**Work to be completed:** Copy, please, the line with "PINTURA ANTIMANCHAS AL DISOLVENTE 4 L" and each line that follows it through the end of the data below, exactly as given and without pictures.

[Records to process — start]

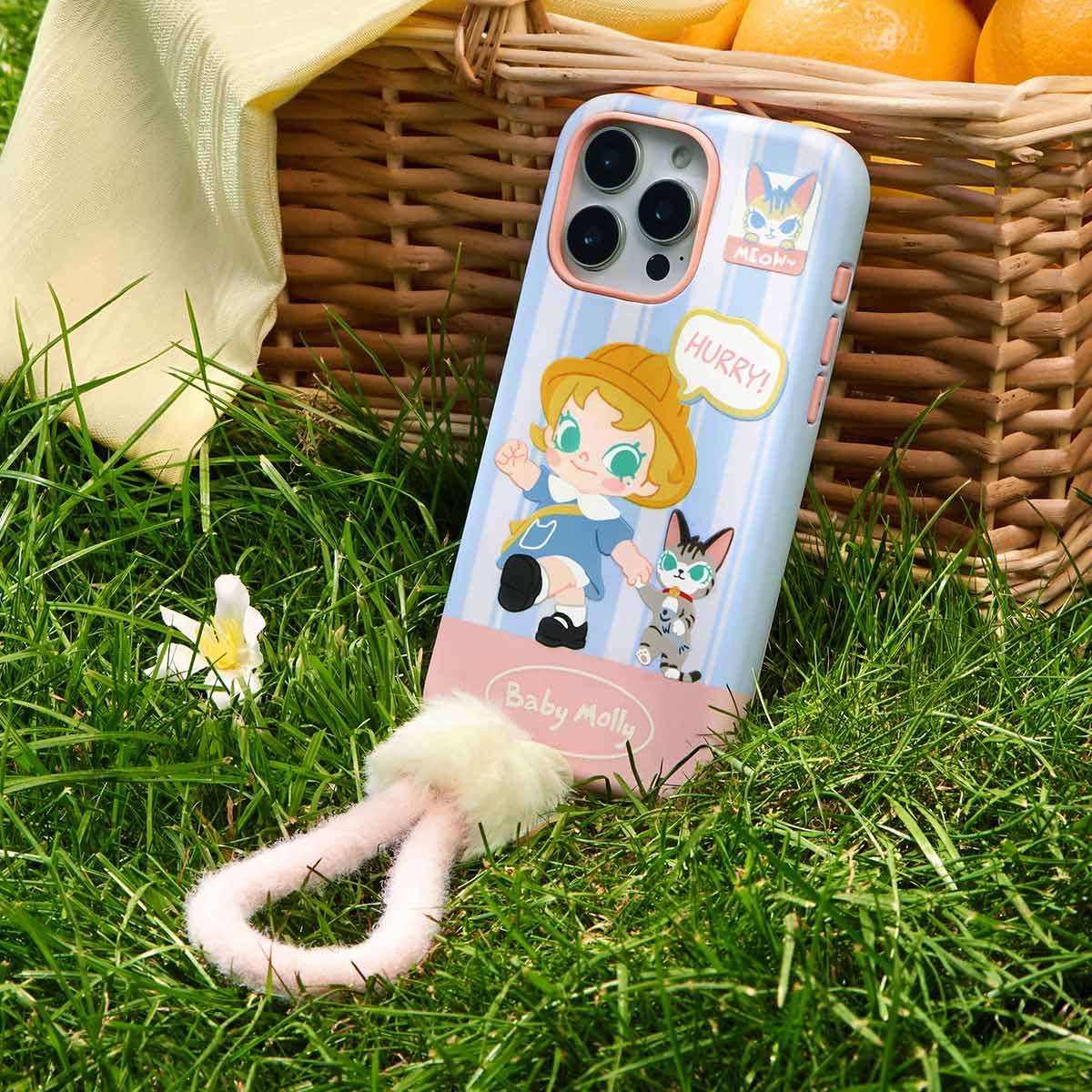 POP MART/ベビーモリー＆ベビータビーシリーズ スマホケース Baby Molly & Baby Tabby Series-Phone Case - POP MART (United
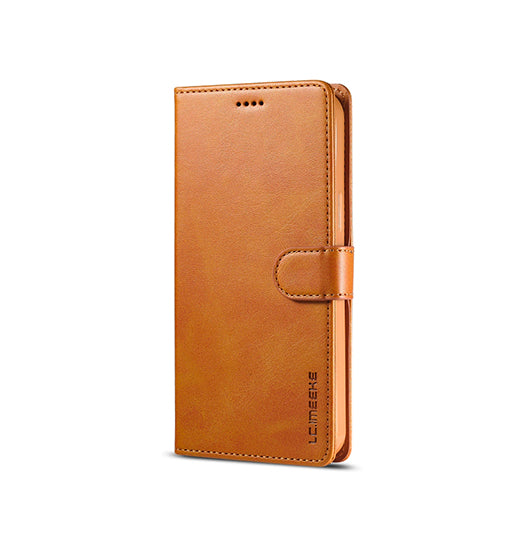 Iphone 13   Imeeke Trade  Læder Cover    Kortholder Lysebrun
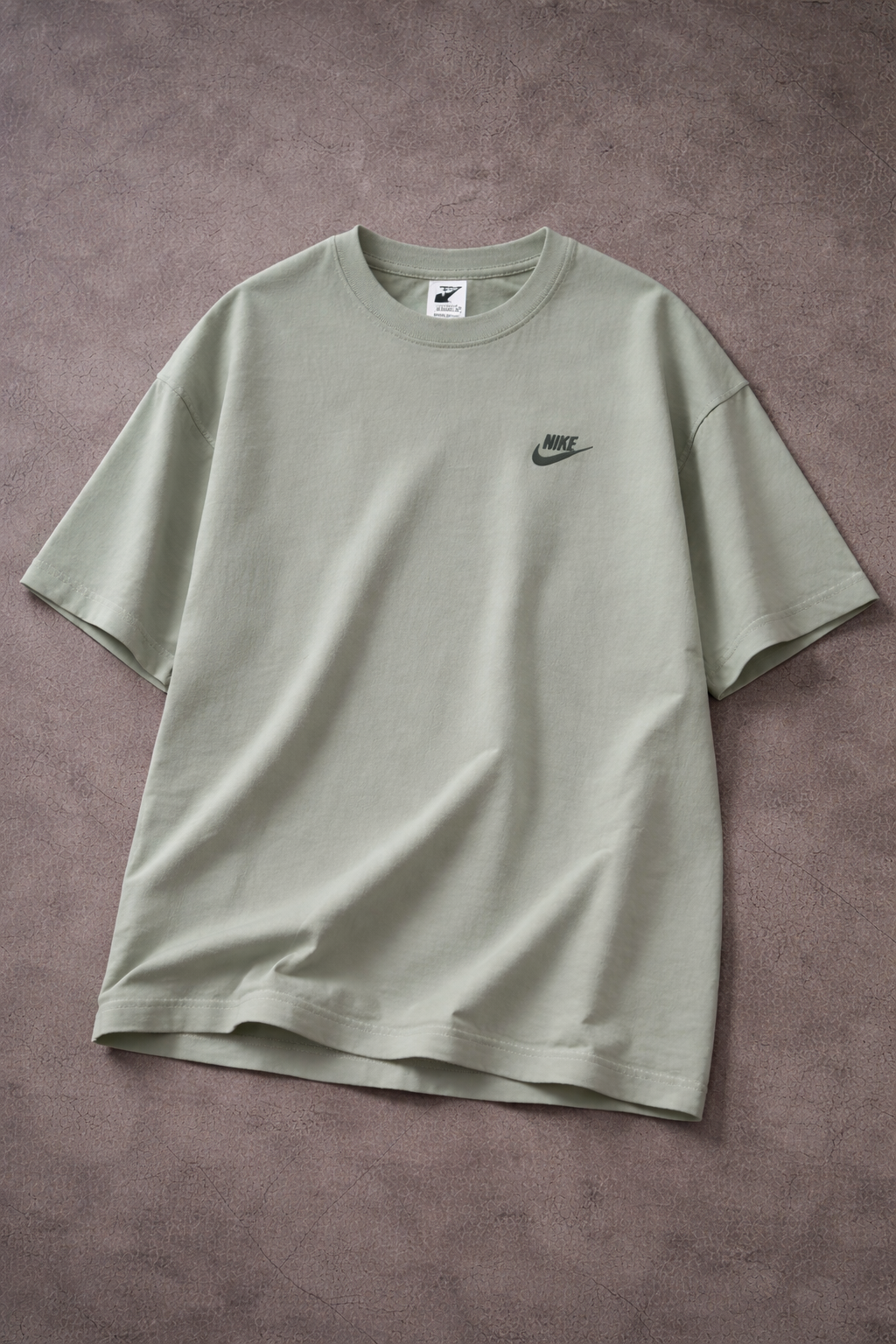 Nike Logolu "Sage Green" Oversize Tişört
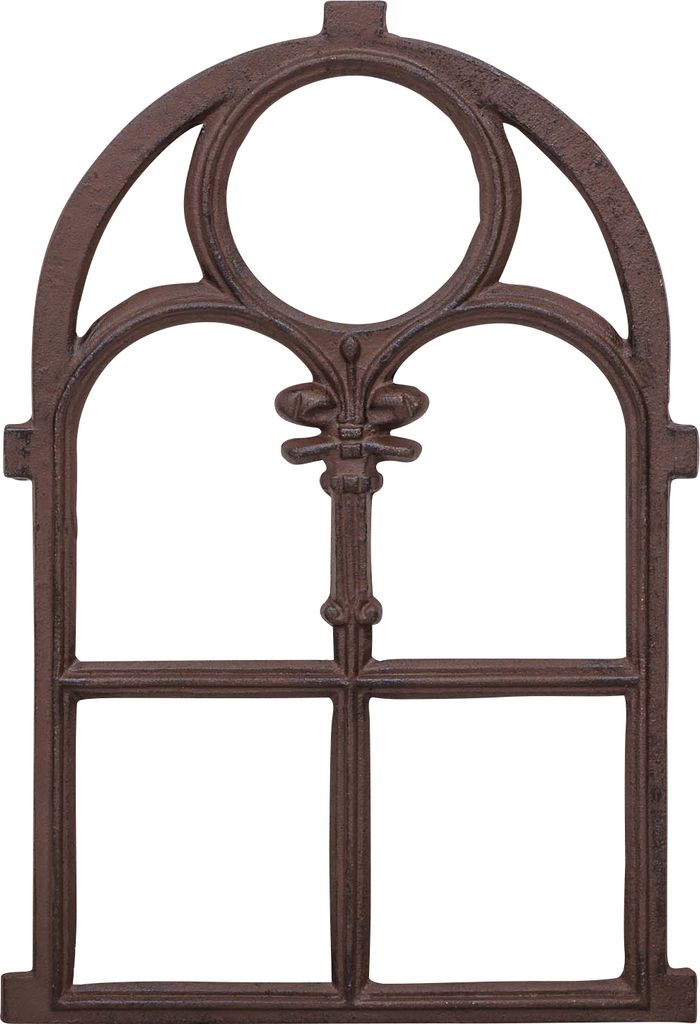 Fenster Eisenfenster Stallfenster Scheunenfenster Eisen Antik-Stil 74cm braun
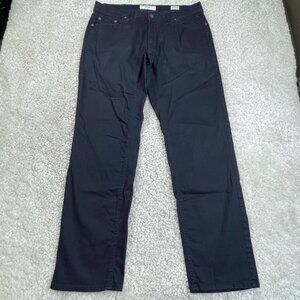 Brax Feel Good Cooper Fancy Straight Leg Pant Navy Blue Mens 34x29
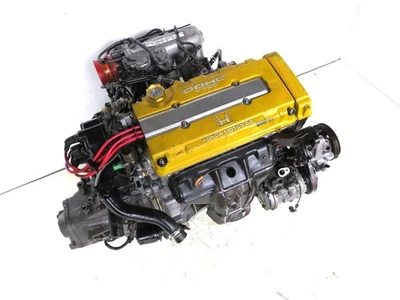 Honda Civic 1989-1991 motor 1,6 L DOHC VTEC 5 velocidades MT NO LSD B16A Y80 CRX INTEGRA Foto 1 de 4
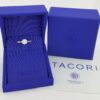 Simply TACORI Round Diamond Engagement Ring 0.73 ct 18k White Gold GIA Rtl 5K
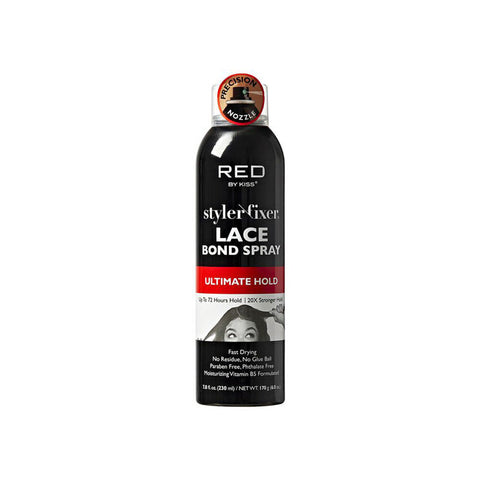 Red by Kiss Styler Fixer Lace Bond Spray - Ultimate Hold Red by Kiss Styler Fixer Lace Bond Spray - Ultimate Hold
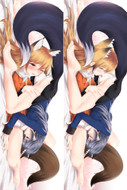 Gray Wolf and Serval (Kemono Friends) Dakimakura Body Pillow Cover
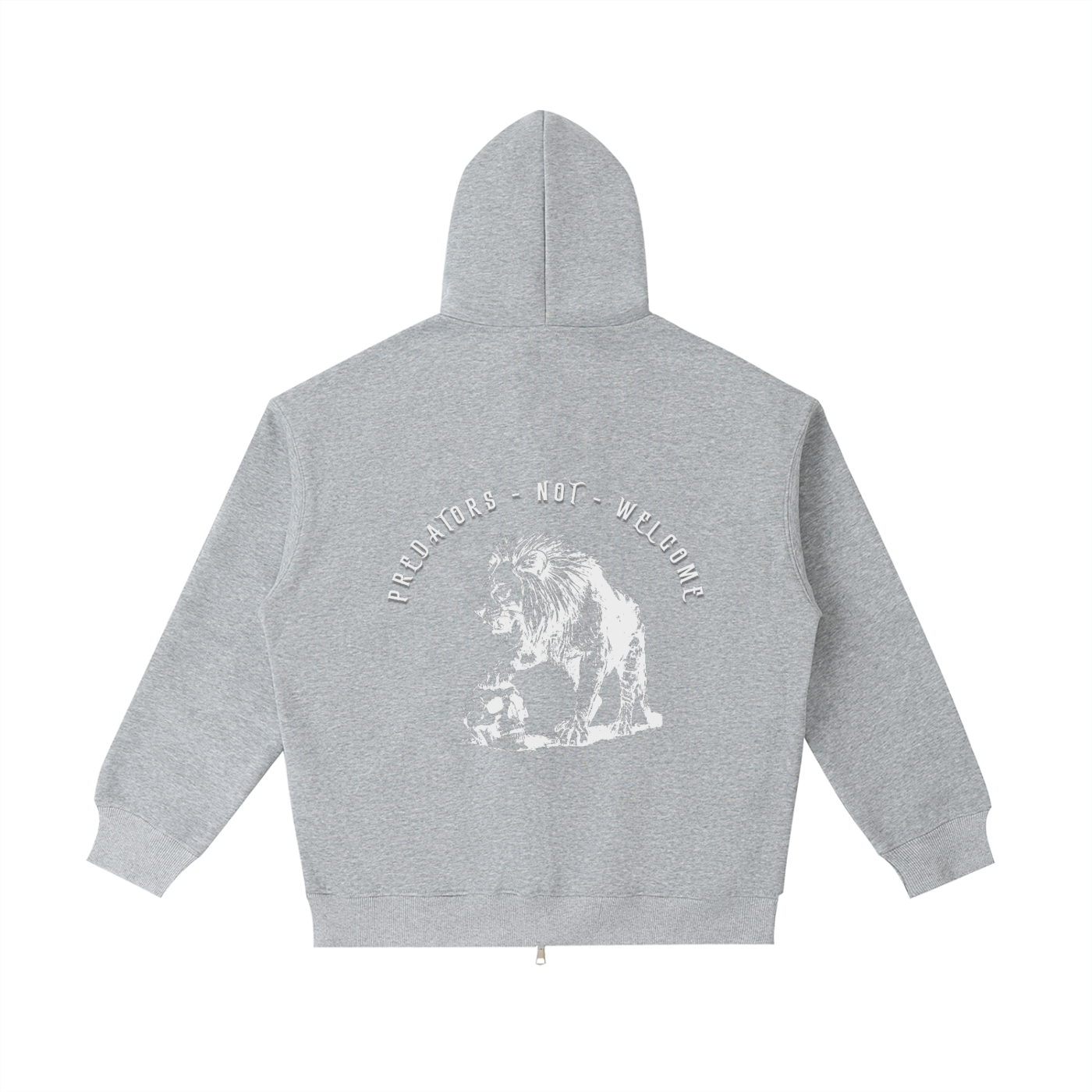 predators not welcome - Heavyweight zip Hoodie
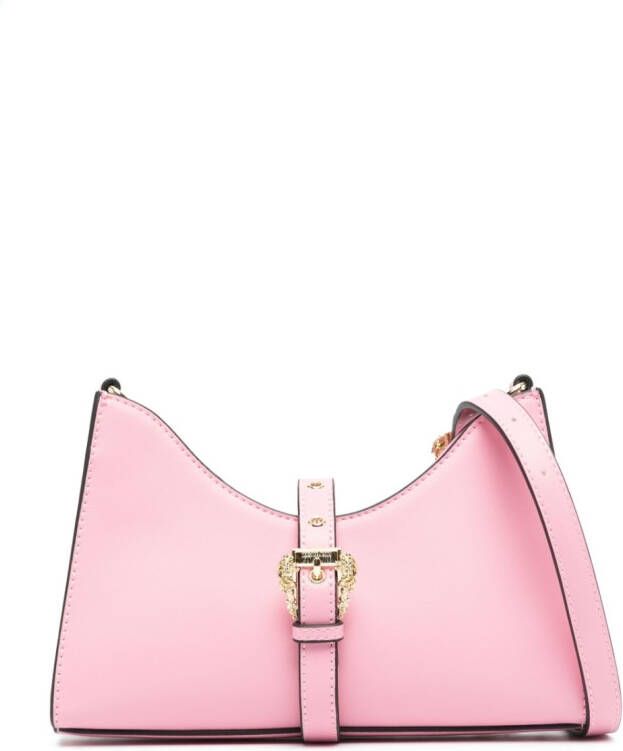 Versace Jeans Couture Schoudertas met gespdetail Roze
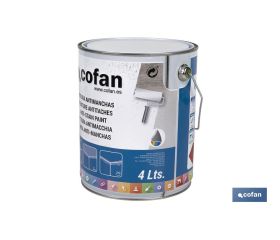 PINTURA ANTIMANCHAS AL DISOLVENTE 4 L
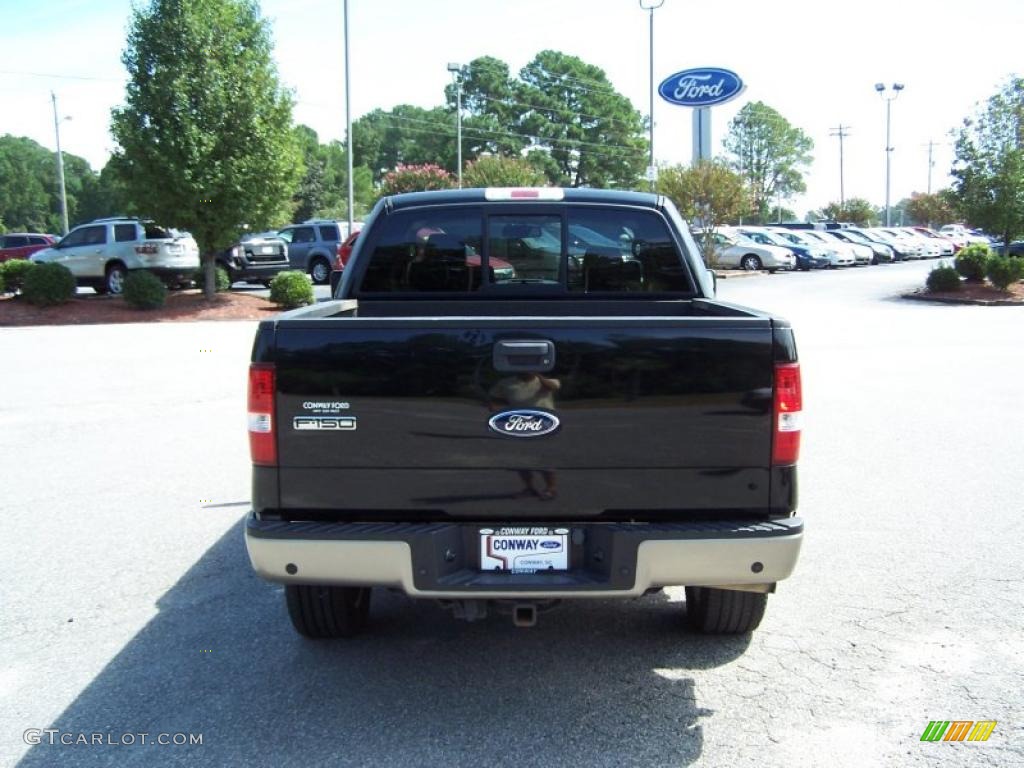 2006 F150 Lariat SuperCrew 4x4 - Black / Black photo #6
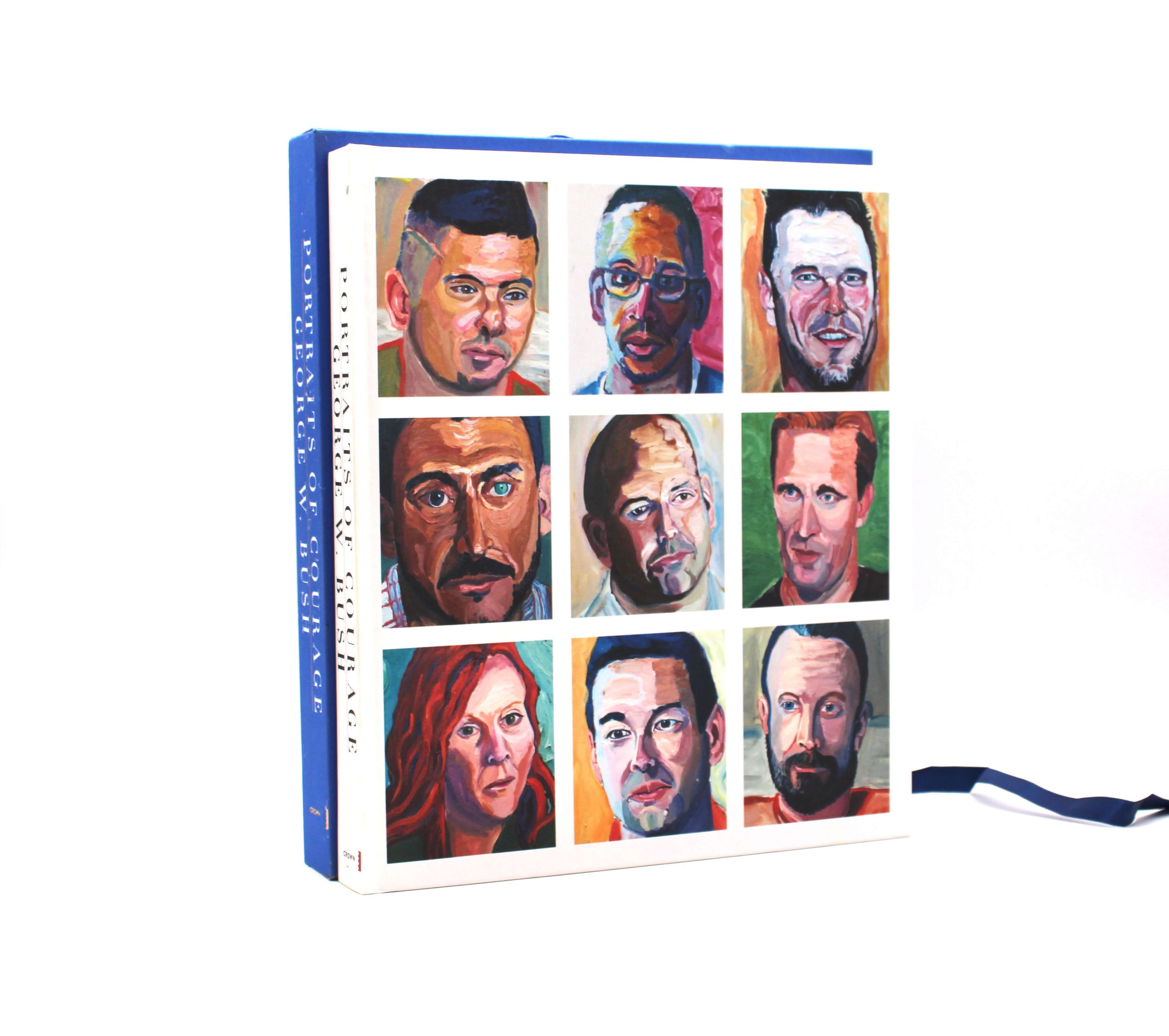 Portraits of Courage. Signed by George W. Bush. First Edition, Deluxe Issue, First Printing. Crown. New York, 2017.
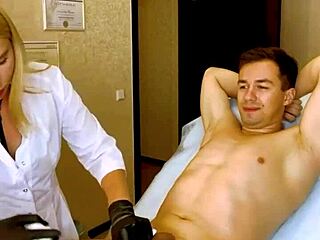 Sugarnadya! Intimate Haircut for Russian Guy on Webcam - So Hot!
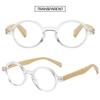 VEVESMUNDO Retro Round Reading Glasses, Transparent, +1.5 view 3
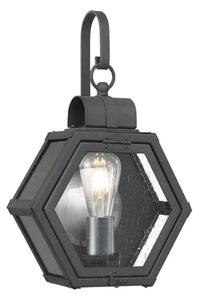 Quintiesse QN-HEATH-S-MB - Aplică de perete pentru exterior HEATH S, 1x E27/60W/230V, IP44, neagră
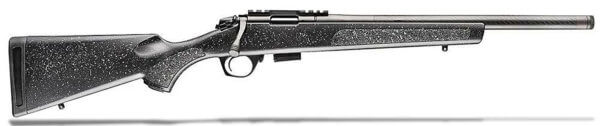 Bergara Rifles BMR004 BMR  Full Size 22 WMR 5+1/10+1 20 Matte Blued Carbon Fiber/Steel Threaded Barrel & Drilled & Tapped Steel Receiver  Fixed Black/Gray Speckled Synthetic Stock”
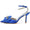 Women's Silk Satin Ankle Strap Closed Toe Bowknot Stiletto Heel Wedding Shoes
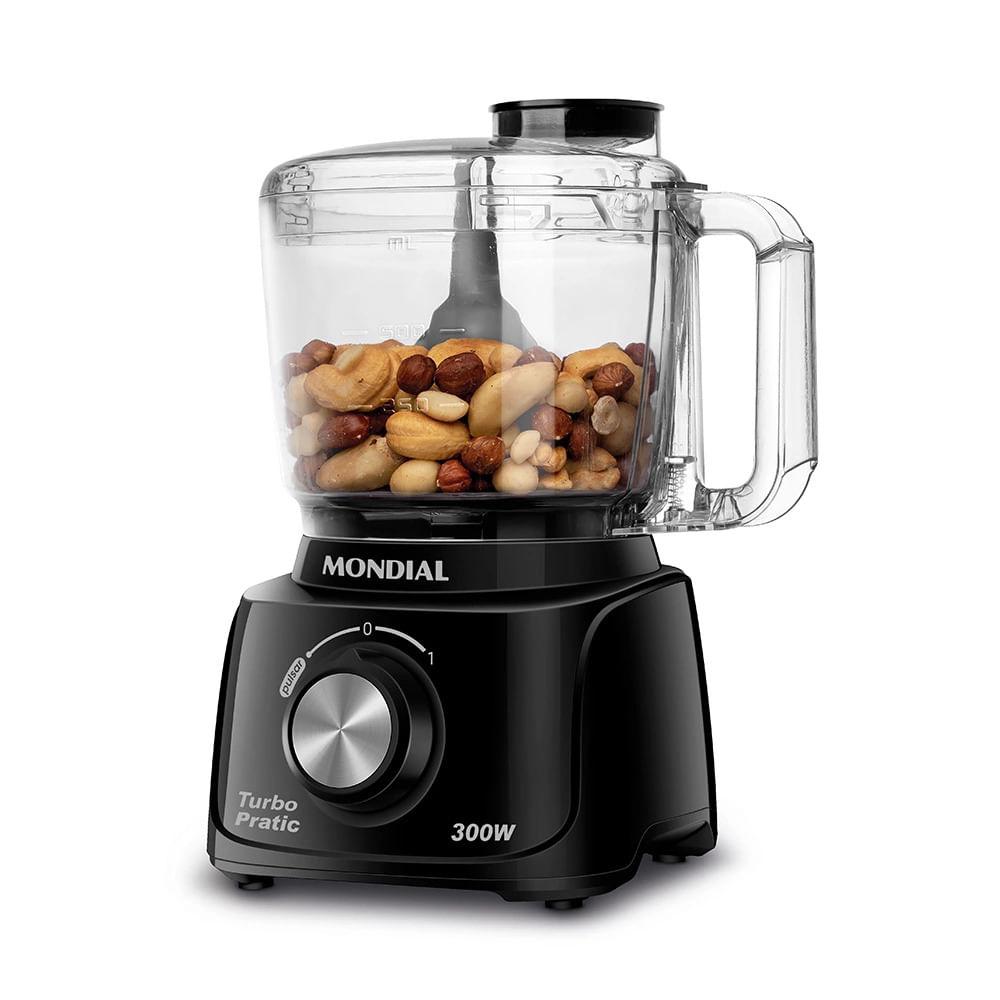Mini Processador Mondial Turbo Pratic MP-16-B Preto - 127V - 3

[Records to process — finish]

**Response to the exercise:**
 PINTURA ANTIMANCHAS AL DISOLVENTE 4 L
 2006 F150 Lariat SuperCrew 4x4 - Black / Black photo #6
 Portraits of Courage. Signed by George W. Bush. First Edition, Deluxe Issue, First Printing. Crown. New York, 2017.
 Sugarnadya! Intimate Haircut for Russian Guy on Webcam - So Hot!
 VEVESMUNDO Retro Round Reading Glasses, Transparent, +1.5 view 3
 Quintiesse QN-HEATH-S-MB - Aplică de perete pentru exterior HEATH S, 1x E27/60W/230V, IP44, neagră
 Bergara Rifles BMR004 BMR  Full Size 22 WMR 5+1/10+1 20 Matte Blued Carbon Fiber/Steel Threaded Barrel & Drilled & Tapped Steel Receiver  Fixed Black/Gray Speckled Synthetic Stock”
 Women's Silk Satin Ankle Strap Closed Toe Bowknot Stiletto Heel Wedding Shoes
Mini Processador Mondial Turbo Pratic MP-16-B Preto - 127V - 3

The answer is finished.